Recently I attended a photo exhibition and a talk(1) of Leah Gordon’s latest work—Kanaval. A lot of Leah Gordon’s work is shot in black and white. I have a visceral reaction to her work as it truly induces poetry and I don’t say that lightly. She is both an eloquent speaker and brilliant raconteur. She is a photographer, filmmaker and curator. Her work is representational of boundaries between art, religion, anthropology, post-colonialism and folk history. Using an old entirely manual medium format camera, she invites a collaborative relationship between photographer and sitter, evoking a sense of ‘performed ethnography’ and yet, it is always art.

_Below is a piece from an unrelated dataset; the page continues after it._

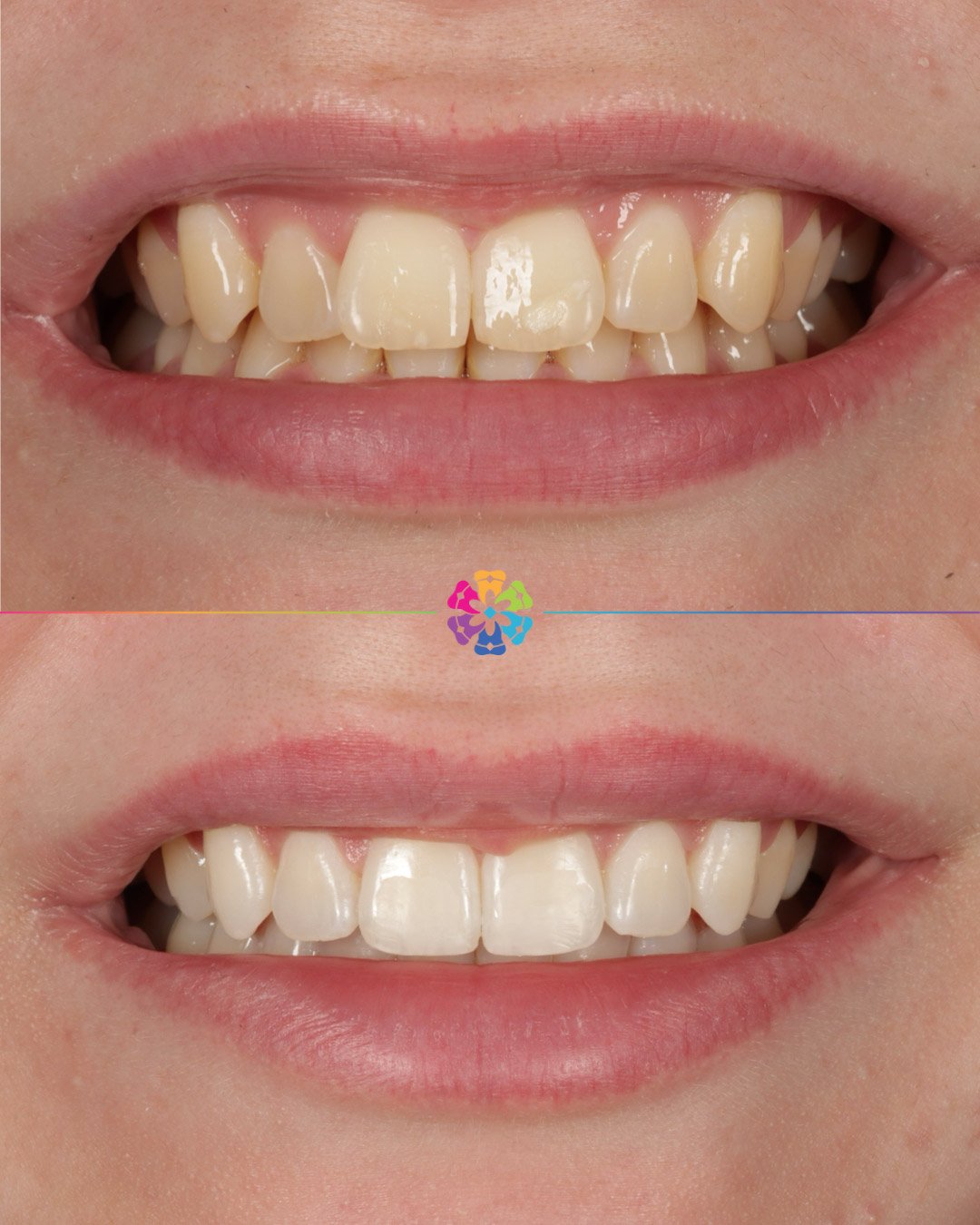 Invisalign, Whitening and Bonding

Originally from the UK, she has travelled to Haiti since 1991 --- perhaps it is the collaborative work and Haiti’s untiring fight to tie of art and history and bound it into their identity, that, plus her obvious affection, that has Leah Gordon returning and working on such projects as the Ghetto Biennale besides her photography.

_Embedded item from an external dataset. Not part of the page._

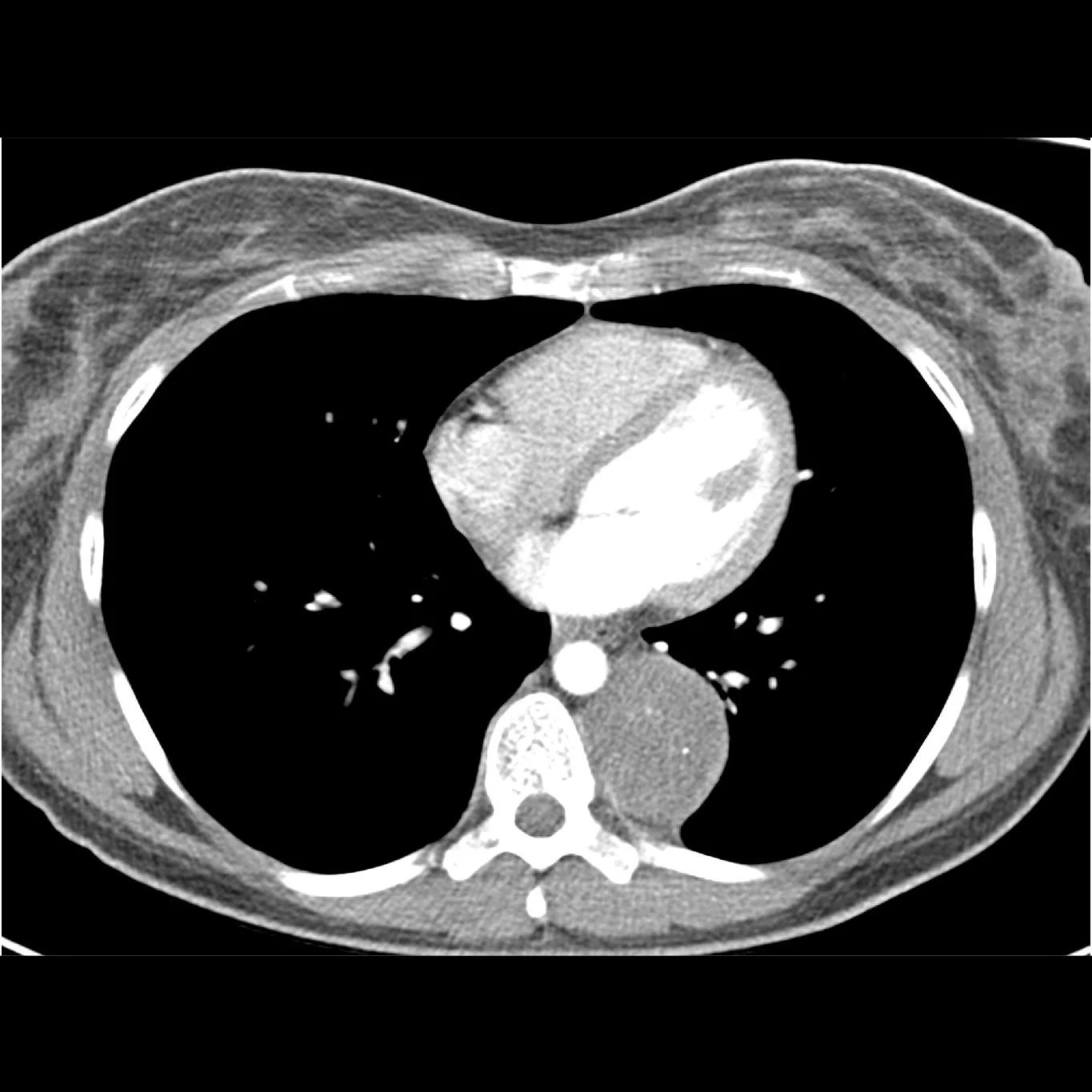Robotic Resection of Paraspinal Ganglioneuroma (32:19)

NB: What camera do you use?
LG: Roleiicord twin lens reflex over 50 years old
NB: What is your favourite filmstock?
LG: It used to be Agfa pan 100 now I use ilford fp4
NB: For the photos submitted, why are they your favourite?
LG: These are images I like but no more than others really...the Burry Man as through him I understood the true dynamic of traditional performance in binding a neighbourhood, the tailor as this is part of a project about lost skill (which worries me in the rest of the world as well as photography), kanpe as I took this photograph in one of the small villages that Arcade Fire's project Kanpe http://www.kanpe.org/home.html
works in and is very precious to me.
Finally this is one of my favourites in my Kanaval series as I have never seen them since and can only guess at the meaning of their costume.
NB: Your work is representational of the boundaries between history, art, and religion. It brings up the complex nature of the photographic message and its interpretation within (anthropology) in a way that is as relevant to modern material as it is to the historical. Do you use photography as a research method?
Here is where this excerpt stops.